- [ASSIGNMENT]: Leave out the images and set down the records below exactly.

- [DATA SUPPLIED]:
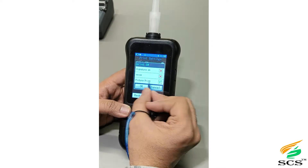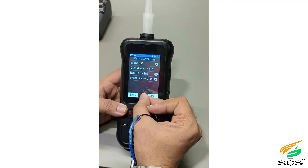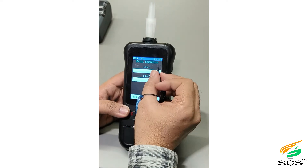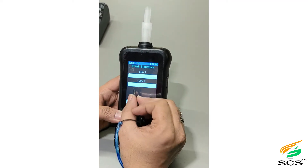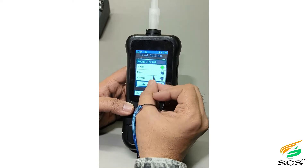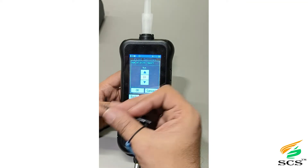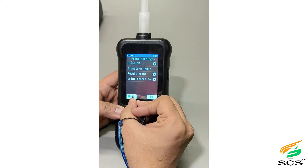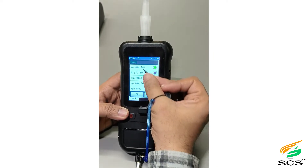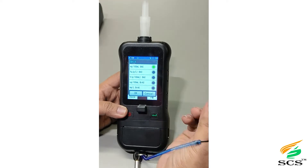If you want to print a picture in the printout, enable the picture print option. You can write the name of any officer in the printed signature field. The result print option will always remain on by default. In the print report settings, you can set the number of copies to be printed. In other settings, unit selection allows the user to select whichever unit they require according to their needs.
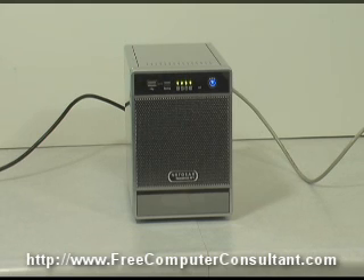Hello, this is the Free Computer Consultant. Today we're looking at the Netgear ReadyNAS NV Plus. This is a Network Attached Storage or NAS device. This particular unit is a 4450-100, which means that it is a unit configured with four 500GB hard drives.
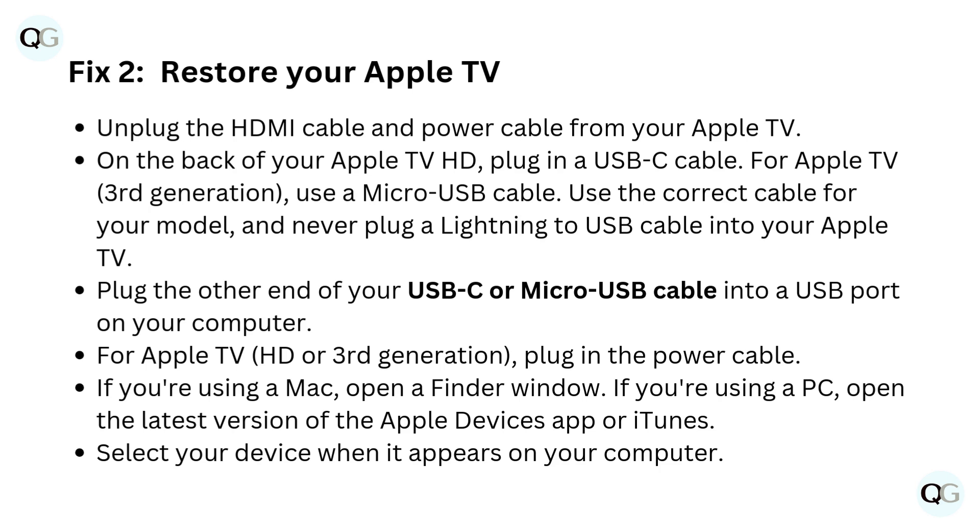Plug the other end of your USB-C or micro USB cable into a USB port on your computer. For Apple TV HD or 3rd generation, plug in the power cable. If you're using a Mac, open a Finder window. If you're using a PC, open the latest version of the Apple Devices app or iTunes.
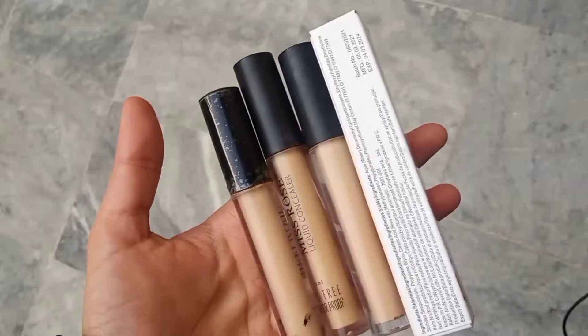It's so affordable that everybody can have it. The price is 199 rupees — it's so cheap and affordable. It gives you full coverage, and if you want your under-eye dark spots and dark circles covered, then this is the best concealer.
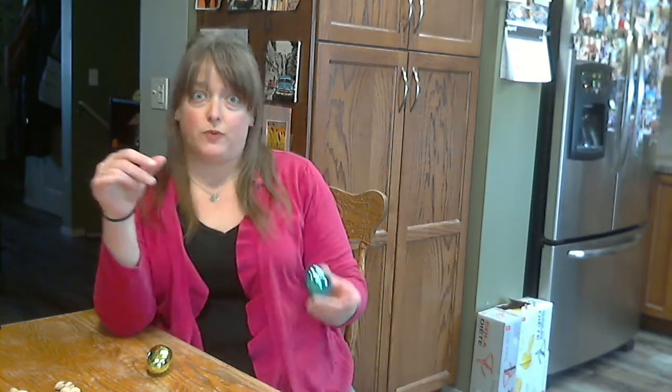Hi my friends, today I'm going to show you an activity that you can use to make use of the plastic Easter eggs you might have got this weekend.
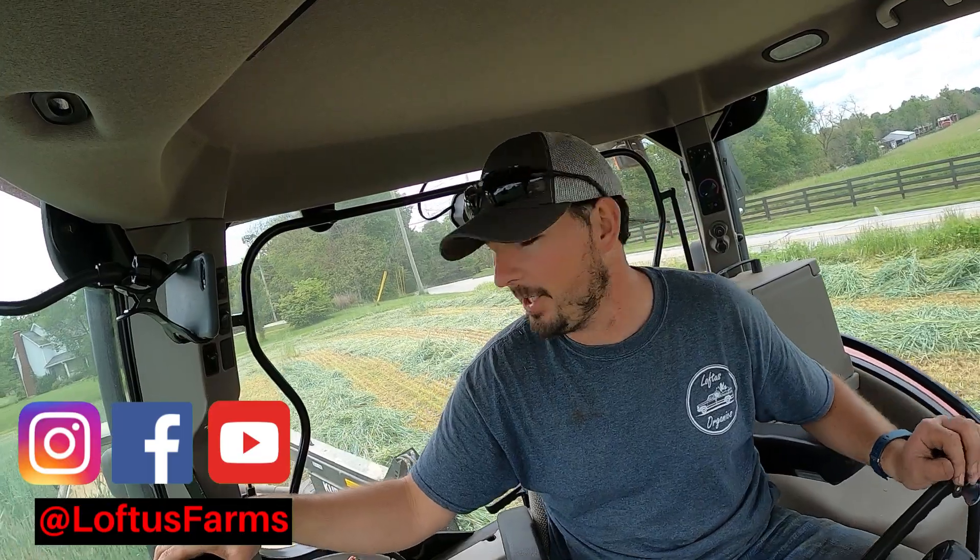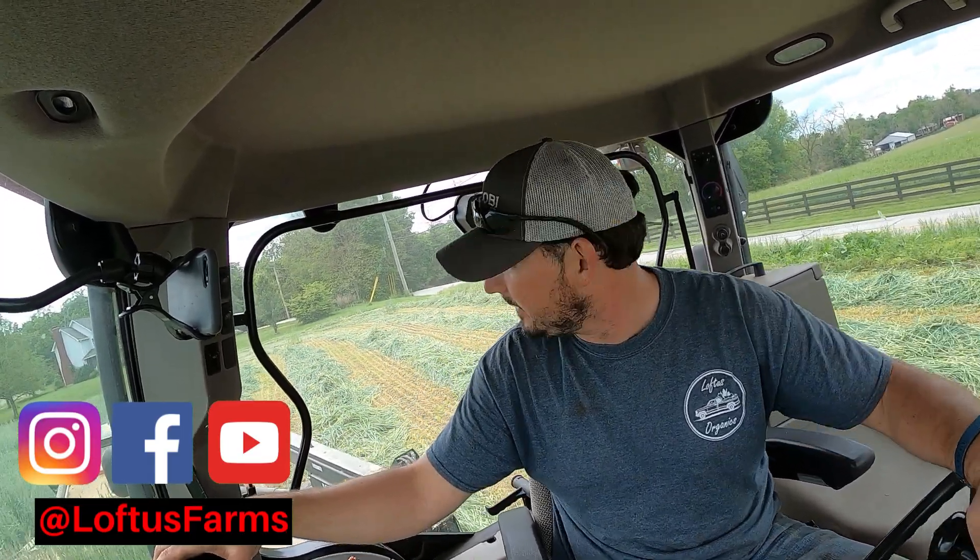What's going on everybody? Welcome back to the channel. Just a little farm update today. We're cutting rye for the first time this year. We've got about 100 acres to cut here in about the next two weeks.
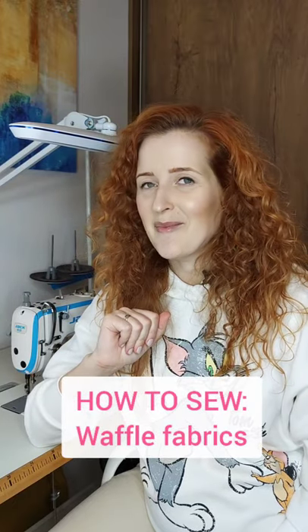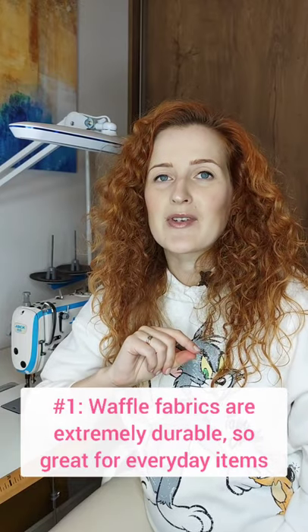Hi darlings, this is Sewing Julie and here are my tips on sewing waffle fabrics. Number one, waffle fabrics are extremely durable so you can use it on regularly used items such as robes and towels, and it will wear out beautifully.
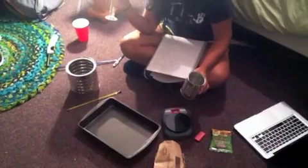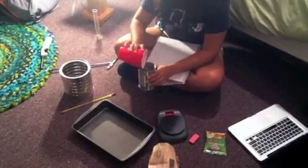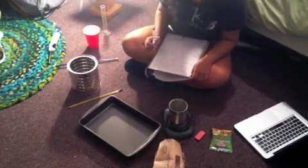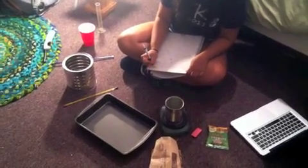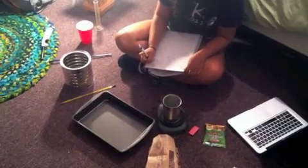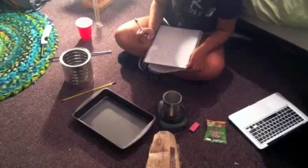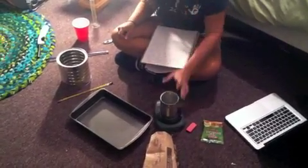With a graduated cylinder I measured out 200 milliliters of distilled water and I'm going to put it into the can and measure the combined mass. It reads 264 grams, and that gives us a mass of water of 197 grams, which I'm going to record.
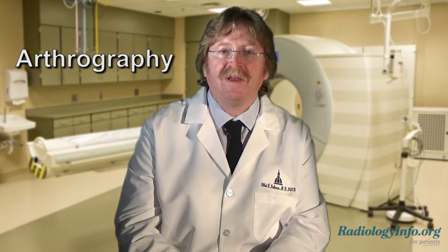Arthrography is a diagnostic imaging test that is used to evaluate the joints of the human body. The procedure may be indirect, where contrast material is injected into the bloodstream, or more commonly direct, where contrast material is injected directly into the joint.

- [EXERCISE ANSWER]:
If you want to print a picture in the printout, enable the picture print option. You can write the name of any officer in the printed signature field. The result print option will always remain on by default. In the print report settings, you can set the number of copies to be printed. In other settings, unit selection allows the user to select whichever unit they require according to their needs.
Hello, this is the Free Computer Consultant. Today we're looking at the Netgear ReadyNAS NV Plus. This is a Network Attached Storage or NAS device. This particular unit is a 4450-100, which means that it is a unit configured with four 500GB hard drives.
Plug the other end of your USB-C or micro USB cable into a USB port on your computer. For Apple TV HD or 3rd generation, plug in the power cable. If you're using a Mac, open a Finder window. If you're using a PC, open the latest version of the Apple Devices app or iTunes.
It's so affordable that everybody can have it. The price is 199 rupees — it's so cheap and affordable. It gives you full coverage, and if you want your under-eye dark spots and dark circles covered, then this is the best concealer.
Hi my friends, today I'm going to show you an activity that you can use to make use of the plastic Easter eggs you might have got this weekend.
What's going on everybody? Welcome back to the channel. Just a little farm update today. We're cutting rye for the first time this year. We've got about 100 acres to cut here in about the next two weeks.
Hi darlings, this is Sewing Julie and here are my tips on sewing waffle fabrics. Number one, waffle fabrics are extremely durable so you can use it on regularly used items such as robes and towels, and it will wear out beautifully.
With a graduated cylinder I measured out 200 milliliters of distilled water and I'm going to put it into the can and measure the combined mass. It reads 264 grams, and that gives us a mass of water of 197 grams, which I'm going to record.
Arthrography is a diagnostic imaging test that is used to evaluate the joints of the human body. The procedure may be indirect, where contrast material is injected into the bloodstream, or more commonly direct, where contrast material is injected directly into the joint.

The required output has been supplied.